Graham S Henry v. Charles Ryan
720 F.3d 1073
9th Cir.2013Background
- Graham Saunders Henry was convicted of first-degree murder, kidnapping, robbery, and theft; sentenced to death (originally 1988, resentenced 1995). After state direct appeal and multiple PCR petitions, he filed a federal habeas petition which the district court denied.
- The facts at trial were contested: Henry claimed he was asleep in the camper and Foote acted alone; the state presented evidence (photographs, footprint analysis, blood on Henry’s clothes, flight and false ID) that Henry actively participated in the killing or was an accomplice.
- Henry raised federal habeas claims including: Brady/Napue (suppression/alteration of photos, withheld codefendant notes, and false testimony), juror misconduct (two jurors conducted an out-of-court experiment), unconstitutional causal-nexus requirement for mitigation at sentencing, and ineffective assistance of resentencing counsel for failing to investigate/present childhood sexual abuse and mental-health mitigation.
- The district court denied relief (and denied evidentiary development); the Ninth Circuit reviewed de novo where appropriate and applied AEDPA deference to state-court merits rulings adjudicated on the merits.
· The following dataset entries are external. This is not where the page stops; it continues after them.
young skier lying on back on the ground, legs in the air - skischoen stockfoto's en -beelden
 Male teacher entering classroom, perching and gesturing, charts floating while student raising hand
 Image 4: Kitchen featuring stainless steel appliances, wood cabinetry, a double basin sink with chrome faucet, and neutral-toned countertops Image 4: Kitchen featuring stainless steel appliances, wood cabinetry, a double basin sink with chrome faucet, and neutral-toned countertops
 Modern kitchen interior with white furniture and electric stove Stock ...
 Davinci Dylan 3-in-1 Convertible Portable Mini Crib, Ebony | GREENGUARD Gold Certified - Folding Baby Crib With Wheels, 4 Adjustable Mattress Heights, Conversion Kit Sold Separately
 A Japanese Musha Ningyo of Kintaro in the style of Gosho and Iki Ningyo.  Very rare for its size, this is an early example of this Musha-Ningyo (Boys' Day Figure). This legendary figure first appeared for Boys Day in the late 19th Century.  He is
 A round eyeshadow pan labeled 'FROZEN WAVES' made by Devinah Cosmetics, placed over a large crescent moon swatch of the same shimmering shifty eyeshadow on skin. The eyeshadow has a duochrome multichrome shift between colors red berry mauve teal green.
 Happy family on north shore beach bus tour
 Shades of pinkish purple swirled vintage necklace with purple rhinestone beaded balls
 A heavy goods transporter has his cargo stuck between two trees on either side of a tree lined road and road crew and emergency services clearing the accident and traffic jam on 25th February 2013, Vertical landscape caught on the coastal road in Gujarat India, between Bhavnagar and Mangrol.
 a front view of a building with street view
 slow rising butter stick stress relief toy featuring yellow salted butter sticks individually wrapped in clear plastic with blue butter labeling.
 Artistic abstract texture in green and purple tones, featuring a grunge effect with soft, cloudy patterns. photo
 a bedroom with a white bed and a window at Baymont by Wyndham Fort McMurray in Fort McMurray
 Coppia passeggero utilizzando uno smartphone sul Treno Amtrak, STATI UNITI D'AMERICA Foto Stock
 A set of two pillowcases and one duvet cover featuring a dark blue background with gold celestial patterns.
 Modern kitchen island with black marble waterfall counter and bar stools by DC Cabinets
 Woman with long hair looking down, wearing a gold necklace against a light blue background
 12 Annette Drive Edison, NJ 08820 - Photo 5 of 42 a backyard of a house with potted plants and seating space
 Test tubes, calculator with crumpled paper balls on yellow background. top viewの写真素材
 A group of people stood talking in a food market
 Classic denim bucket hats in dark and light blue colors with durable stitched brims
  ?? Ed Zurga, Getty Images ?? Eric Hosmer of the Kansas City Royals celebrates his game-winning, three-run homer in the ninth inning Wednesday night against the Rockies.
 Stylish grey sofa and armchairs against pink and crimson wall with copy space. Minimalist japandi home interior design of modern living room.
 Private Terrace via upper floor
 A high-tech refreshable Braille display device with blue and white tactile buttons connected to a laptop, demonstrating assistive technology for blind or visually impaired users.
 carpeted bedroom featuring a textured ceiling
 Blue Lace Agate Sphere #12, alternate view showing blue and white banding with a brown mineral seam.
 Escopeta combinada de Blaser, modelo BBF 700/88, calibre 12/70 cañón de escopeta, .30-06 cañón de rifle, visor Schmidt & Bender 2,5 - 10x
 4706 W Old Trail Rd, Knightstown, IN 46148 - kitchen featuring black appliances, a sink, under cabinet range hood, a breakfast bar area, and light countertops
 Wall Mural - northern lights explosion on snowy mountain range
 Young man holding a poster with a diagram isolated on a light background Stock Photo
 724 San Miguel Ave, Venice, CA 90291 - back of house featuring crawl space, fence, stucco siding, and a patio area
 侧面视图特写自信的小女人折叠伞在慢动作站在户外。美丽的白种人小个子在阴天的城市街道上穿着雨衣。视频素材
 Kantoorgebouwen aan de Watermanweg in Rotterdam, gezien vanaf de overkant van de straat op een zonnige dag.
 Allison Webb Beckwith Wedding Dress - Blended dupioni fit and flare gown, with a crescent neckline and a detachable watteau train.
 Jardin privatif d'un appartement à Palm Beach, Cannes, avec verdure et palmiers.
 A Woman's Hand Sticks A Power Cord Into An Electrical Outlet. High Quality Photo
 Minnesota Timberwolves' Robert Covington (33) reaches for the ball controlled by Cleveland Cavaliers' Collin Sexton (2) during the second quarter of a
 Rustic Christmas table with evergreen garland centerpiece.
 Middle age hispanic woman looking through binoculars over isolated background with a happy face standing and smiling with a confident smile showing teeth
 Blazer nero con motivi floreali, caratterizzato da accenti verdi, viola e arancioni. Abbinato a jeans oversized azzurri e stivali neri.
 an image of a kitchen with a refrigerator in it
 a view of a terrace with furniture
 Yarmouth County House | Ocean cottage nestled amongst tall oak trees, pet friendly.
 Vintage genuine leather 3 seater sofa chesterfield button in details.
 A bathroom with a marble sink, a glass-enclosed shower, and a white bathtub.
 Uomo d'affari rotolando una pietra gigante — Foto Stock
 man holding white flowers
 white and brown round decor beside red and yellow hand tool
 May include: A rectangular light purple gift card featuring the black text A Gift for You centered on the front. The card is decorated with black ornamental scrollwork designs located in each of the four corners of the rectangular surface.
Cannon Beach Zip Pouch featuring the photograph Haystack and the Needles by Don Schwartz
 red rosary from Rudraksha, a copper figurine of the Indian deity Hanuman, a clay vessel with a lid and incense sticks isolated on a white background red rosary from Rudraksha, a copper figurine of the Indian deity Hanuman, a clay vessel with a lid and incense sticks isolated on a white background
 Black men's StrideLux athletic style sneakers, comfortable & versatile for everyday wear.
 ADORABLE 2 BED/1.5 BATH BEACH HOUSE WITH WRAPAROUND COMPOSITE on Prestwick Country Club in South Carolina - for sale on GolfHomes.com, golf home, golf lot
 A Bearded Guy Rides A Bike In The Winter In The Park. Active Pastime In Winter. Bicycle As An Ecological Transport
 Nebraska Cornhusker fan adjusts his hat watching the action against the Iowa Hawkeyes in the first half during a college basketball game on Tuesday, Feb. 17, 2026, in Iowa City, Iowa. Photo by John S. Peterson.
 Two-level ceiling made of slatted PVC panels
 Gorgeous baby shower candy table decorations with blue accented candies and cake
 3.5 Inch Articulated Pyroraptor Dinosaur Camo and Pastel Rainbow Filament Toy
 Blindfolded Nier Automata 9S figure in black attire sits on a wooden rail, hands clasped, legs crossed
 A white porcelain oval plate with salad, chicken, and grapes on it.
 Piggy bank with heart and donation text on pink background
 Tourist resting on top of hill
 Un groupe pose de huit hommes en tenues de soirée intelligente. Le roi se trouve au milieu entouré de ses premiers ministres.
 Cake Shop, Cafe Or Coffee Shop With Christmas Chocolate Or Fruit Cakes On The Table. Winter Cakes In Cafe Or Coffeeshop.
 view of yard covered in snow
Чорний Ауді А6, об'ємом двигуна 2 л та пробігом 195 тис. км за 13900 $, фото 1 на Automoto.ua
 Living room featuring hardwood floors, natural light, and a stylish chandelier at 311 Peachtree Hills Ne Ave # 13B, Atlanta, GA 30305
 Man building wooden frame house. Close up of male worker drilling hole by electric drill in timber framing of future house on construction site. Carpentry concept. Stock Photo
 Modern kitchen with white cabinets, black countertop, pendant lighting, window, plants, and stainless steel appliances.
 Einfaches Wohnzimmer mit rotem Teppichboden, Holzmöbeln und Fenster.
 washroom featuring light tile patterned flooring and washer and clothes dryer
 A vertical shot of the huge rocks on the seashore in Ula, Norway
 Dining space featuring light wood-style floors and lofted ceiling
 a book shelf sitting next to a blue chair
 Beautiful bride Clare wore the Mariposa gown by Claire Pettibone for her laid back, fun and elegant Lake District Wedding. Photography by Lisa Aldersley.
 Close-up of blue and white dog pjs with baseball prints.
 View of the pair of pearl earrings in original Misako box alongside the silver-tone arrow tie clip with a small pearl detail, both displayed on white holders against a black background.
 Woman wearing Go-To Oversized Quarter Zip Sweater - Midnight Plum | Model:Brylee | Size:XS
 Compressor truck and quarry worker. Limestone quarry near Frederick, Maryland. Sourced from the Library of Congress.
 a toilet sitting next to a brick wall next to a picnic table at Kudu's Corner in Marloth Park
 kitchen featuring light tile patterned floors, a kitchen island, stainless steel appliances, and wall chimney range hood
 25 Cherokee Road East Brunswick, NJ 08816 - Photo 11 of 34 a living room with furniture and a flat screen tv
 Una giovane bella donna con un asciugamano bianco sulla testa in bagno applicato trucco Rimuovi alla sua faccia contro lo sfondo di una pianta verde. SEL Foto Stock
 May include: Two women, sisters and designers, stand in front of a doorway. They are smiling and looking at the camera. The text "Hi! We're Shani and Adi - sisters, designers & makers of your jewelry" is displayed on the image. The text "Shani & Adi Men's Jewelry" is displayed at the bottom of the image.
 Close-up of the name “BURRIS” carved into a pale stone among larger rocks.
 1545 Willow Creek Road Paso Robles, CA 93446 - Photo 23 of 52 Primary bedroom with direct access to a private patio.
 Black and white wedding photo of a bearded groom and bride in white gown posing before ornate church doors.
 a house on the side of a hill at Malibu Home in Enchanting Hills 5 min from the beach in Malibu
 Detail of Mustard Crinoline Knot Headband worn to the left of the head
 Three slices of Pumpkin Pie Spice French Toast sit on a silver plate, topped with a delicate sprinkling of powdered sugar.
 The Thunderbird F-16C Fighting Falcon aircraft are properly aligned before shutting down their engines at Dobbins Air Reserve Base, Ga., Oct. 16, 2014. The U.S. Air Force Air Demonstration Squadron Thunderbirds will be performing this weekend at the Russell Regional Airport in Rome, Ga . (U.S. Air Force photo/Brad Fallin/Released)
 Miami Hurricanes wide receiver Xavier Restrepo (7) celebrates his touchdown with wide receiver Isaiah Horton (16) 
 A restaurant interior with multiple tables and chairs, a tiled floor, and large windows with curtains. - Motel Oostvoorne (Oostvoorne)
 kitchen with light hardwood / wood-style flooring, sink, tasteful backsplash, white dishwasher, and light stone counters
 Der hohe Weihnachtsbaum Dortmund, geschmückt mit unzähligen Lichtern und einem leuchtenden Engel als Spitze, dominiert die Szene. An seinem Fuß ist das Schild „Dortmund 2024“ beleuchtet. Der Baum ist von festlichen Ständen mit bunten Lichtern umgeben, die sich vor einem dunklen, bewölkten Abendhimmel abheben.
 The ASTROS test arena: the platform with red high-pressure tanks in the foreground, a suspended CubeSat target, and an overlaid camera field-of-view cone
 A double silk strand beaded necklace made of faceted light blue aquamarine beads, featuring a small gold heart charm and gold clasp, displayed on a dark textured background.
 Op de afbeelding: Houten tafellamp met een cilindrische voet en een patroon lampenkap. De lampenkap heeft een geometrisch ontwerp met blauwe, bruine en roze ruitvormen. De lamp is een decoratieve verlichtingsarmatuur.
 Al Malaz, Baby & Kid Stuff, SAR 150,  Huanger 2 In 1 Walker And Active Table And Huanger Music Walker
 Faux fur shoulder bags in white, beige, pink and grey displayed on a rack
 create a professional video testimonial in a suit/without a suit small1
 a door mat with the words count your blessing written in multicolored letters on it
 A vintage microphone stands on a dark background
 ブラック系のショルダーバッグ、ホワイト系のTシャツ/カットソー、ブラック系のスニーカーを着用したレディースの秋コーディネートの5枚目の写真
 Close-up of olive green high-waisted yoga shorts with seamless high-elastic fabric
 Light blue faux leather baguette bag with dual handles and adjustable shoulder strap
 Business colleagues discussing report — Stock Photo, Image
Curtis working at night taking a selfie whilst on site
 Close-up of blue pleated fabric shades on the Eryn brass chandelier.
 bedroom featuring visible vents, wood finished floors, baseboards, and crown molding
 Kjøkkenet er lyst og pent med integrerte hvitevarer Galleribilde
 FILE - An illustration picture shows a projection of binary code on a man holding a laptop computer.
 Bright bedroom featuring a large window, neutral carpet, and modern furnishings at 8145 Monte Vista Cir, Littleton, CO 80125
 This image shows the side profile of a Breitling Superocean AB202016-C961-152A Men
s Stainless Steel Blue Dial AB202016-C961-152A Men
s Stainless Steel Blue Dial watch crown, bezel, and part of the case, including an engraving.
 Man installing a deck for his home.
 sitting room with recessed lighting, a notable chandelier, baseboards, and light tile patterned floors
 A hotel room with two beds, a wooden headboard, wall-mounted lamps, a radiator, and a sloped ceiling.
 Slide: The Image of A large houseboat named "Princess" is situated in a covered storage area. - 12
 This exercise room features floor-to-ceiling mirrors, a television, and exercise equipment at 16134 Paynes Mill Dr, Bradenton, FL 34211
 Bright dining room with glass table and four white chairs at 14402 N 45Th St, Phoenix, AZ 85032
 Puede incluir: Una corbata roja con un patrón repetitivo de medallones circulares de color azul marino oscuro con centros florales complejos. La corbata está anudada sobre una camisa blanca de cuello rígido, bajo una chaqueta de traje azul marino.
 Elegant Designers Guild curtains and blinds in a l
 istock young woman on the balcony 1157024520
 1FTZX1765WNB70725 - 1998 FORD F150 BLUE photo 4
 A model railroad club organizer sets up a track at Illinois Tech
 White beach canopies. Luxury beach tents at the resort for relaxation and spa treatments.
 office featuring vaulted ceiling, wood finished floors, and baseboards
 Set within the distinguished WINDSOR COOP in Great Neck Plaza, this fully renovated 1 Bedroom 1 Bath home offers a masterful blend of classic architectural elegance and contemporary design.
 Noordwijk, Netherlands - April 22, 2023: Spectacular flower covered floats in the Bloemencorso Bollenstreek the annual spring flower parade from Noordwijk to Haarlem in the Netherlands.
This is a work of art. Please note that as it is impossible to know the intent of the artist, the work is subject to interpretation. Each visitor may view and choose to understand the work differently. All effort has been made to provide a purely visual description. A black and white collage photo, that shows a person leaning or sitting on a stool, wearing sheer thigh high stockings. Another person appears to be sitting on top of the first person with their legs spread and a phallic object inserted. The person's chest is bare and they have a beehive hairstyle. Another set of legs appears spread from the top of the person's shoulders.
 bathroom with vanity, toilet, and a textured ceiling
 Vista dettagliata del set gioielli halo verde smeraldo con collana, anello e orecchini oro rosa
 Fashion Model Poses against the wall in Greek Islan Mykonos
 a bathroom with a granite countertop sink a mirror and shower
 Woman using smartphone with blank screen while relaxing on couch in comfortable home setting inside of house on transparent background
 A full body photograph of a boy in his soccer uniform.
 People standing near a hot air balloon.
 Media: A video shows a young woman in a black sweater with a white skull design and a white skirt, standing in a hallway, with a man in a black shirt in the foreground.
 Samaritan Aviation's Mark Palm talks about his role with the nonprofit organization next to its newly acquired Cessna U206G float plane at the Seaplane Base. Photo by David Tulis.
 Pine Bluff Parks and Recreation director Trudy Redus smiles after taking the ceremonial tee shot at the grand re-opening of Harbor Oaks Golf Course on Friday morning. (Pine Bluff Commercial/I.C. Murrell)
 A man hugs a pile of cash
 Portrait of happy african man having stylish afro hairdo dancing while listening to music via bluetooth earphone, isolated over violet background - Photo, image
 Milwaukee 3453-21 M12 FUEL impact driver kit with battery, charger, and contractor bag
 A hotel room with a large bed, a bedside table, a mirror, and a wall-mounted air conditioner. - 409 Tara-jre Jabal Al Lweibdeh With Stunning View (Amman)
- The Ninth Circuit affirmed: (1) withheld codefendant notes were not materially exculpatory under Brady; (2) claims about altered/omitted photos and allegedly false patrolman testimony were procedurally defaulted or meritless; (3) juror-experiment evidence did not produce a substantial and injurious effect on the verdict; (4) any causal-nexus error in mitigation was harmless; and (5) resentencing counsel’s performance did not establish Strickland prejudice.
Issues
| Issue | Plaintiff's Argument | Defendant's Argument | Held |
|---|---|---|---|
| Brady: suppression of codefendant Foote’s notes/drawing | Notes corroborate Henry’s account (footprints/positions); suppression violated Brady and was material | Notes were hearsay or inculpatory, minimally exculpatory, and would not produce reasonable probability of different verdict | Denied — not material under Brady; evidentiary hearing denied |
| Brady: alteration/omission of crime-scene photographs | State altered/omitted photos; that suppression violated due process and was material | Claim is procedurally defaulted; Henry was aware earlier and not diligent; even on merits, evidence not sufficient | Denied — procedurally defaulted; no cause and prejudice; no evidentiary hearing |
| Napue: knowingly false testimony by Detective Patterson about footprints | Enhanced-photo analysis shows Henry, not Patterson, made berm footprints; Patterson therefore knowingly testified falsely | No evidence Patterson knew testimony was false rather than mistaken; prosecution didn’t know of perjury | Denied on merits — Henry failed to show knowing false testimony or that prosecution knew it; no hearing |
| Juror misconduct: two jurors performed an experiment about audibility from camper | Experiment produced extrinsic evidence that undermines Henry’s testimony, violating Sixth Amendment impartial jury right | Extrinsic info was noninflammatory, cumulative, within common knowledge, and case had substantial other evidence; no substantial and injurious effect on verdict | Certificate of appealability denied; claim rejected as non-prejudicial |
| Causal-nexus mitigation rule (Eighth Amendment) | Arizona courts required nexus between historical alcoholism and crime, violating Lockett/Eddings/Tennard | State courts independently reviewed mitigation; intoxication at crime was considered; historical alcoholism was weak/unproven so any error harmless | Denied — even assuming error, no substantial and injurious effect on sentencing under Brecht |
| Ineffective assistance at resentencing (penalty phase) | Counsel failed to investigate/present childhood sexual abuse and mental-health mitigation (Dr. Levitt) | Record already contained scant sexual-abuse/mental-health evidence; new material limited and Dr. Levitt’s report was cautious and based on no interview; no reasonable probability of different sentence | Denied — no Strickland prejudice shown; AEDPA standards not met |
Key Cases Cited
- Brady v. Maryland, 373 U.S. 83 (constitutional duty to disclose materially exculpatory evidence)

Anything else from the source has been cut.